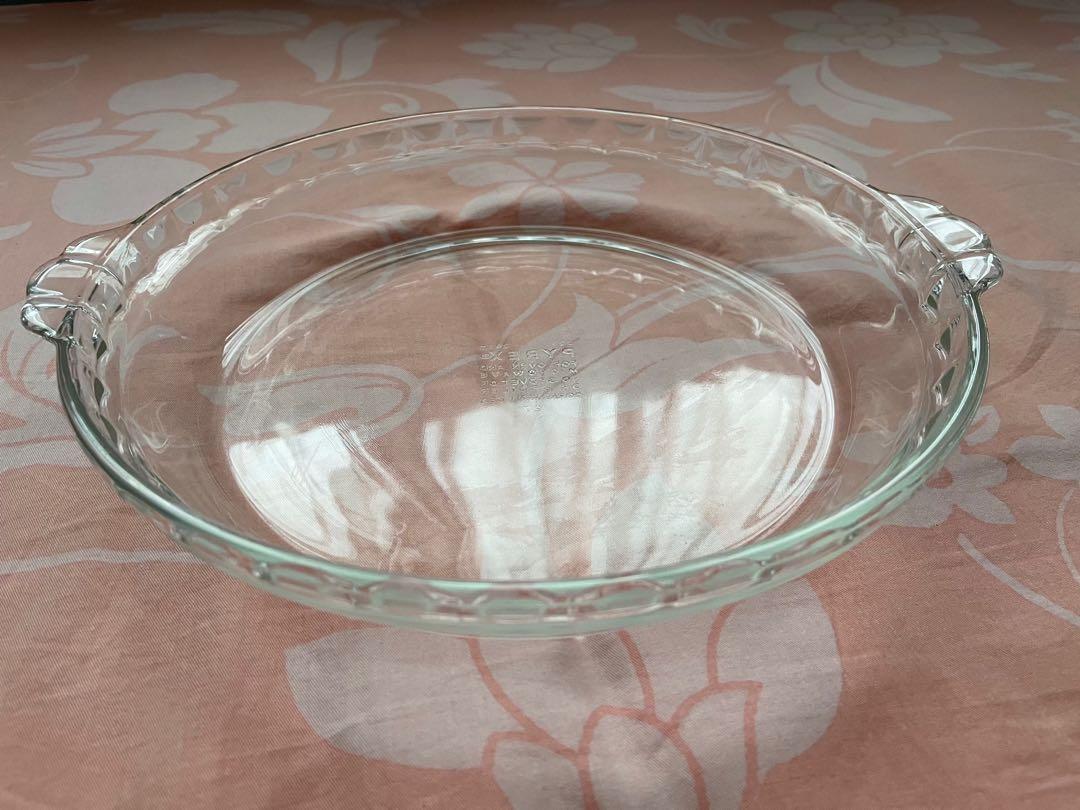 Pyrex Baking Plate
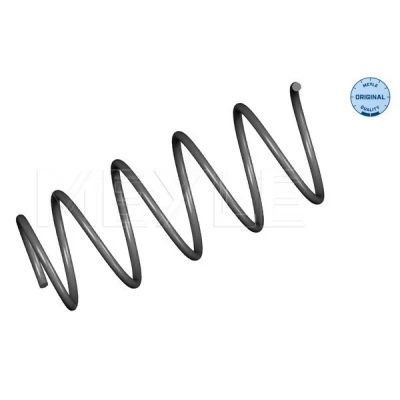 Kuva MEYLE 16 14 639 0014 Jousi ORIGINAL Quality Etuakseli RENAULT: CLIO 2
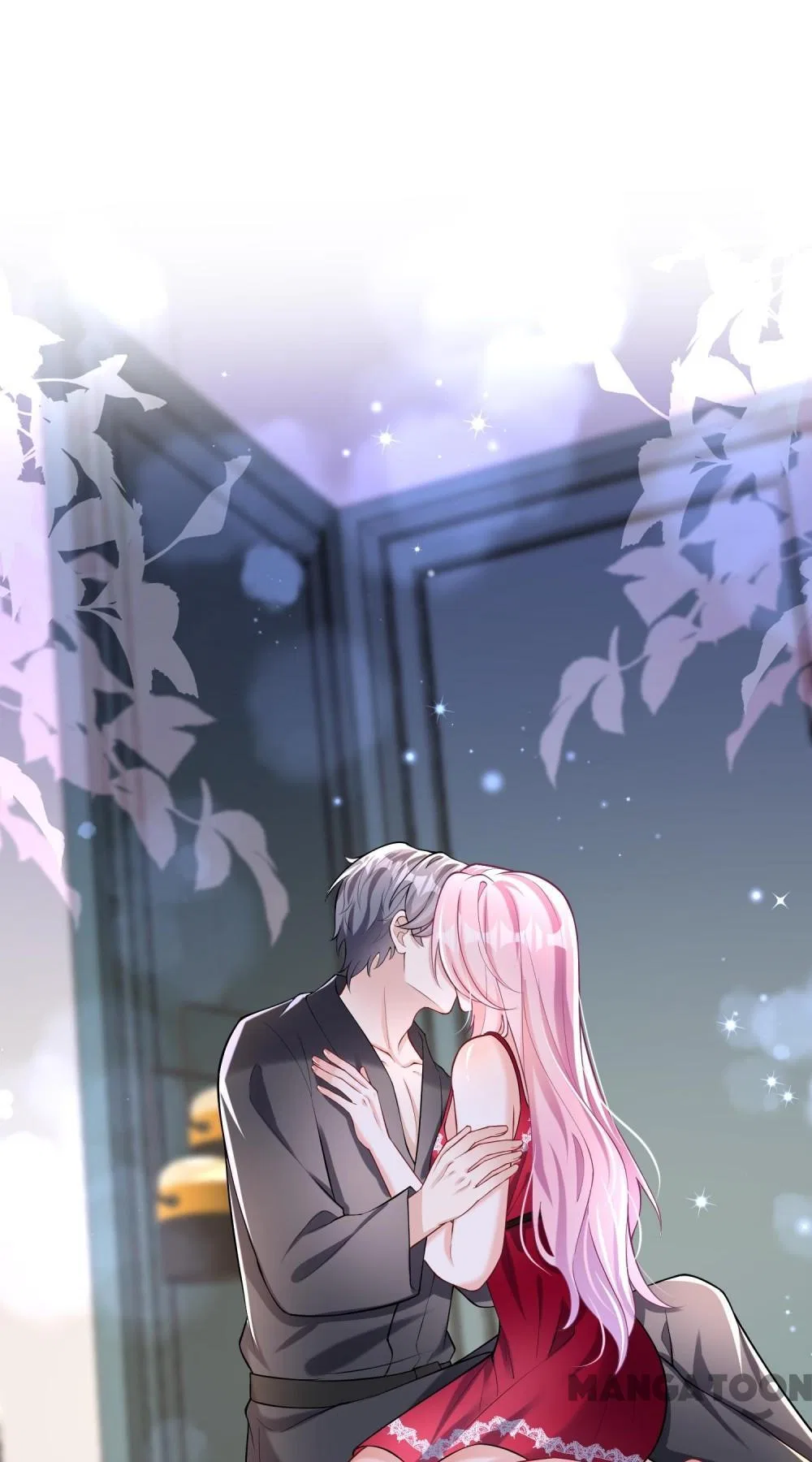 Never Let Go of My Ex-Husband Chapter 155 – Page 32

### Goal of the exercise
Would you repeat the complete listing exactly, excluding each picture it holds?

### Exercise solution
 Pyrex Baking Plate
 Kuva MEYLE 16 14 639 0014 Jousi ORIGINAL Quality Etuakseli RENAULT: CLIO 2
 Never Let Go of My Ex-Husband Chapter 155 – Page 32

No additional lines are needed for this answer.